[PROVIDED MATERIAL]
------------------------------------------------------------
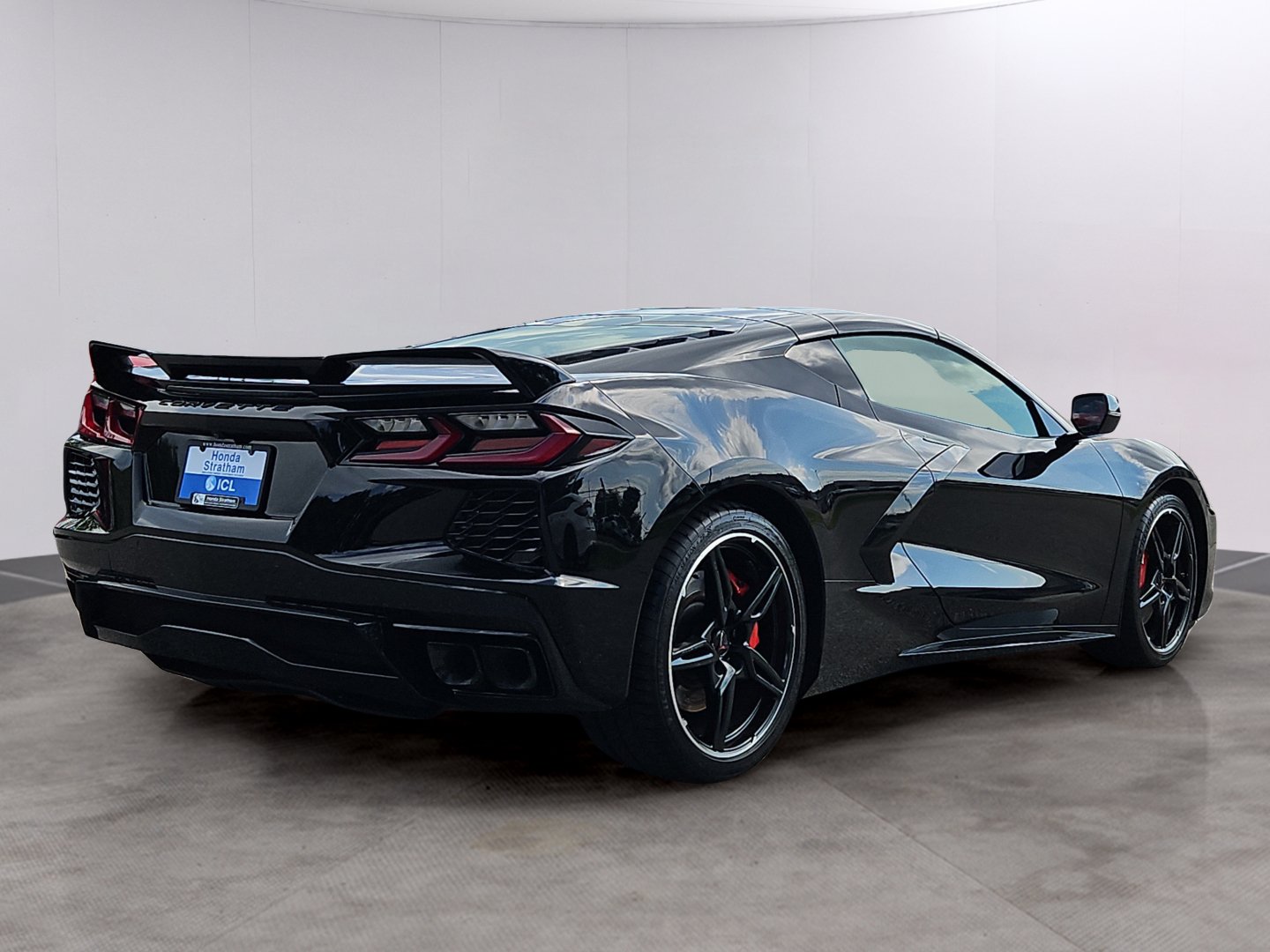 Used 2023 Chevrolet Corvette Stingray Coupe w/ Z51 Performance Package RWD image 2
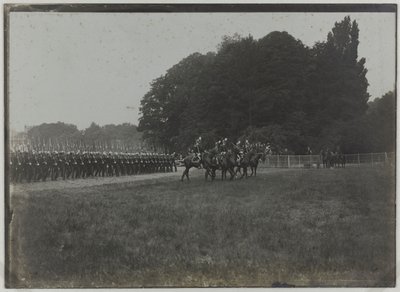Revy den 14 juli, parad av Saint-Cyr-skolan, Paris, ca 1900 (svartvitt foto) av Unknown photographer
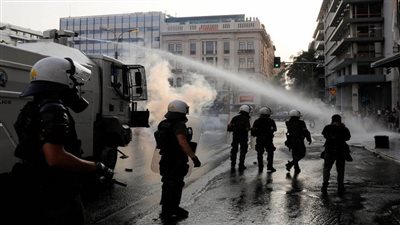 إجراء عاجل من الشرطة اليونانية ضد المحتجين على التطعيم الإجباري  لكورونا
------------------------------------------------------------
[WHAT YOU SHOULD DO]
Would it be possible to reproduce the material word for word, images omitted?

[RESPONSE FOR THIS EXERCISE]
 Used 2023 Chevrolet Corvette Stingray Coupe w/ Z51 Performance Package RWD image 2
Revy den 14 juli, parad av Saint-Cyr-skolan, Paris, ca 1900 (svartvitt foto) av Unknown photographer
 إجراء عاجل من الشرطة اليونانية ضد المحتجين على التطعيم الإجباري  لكورونا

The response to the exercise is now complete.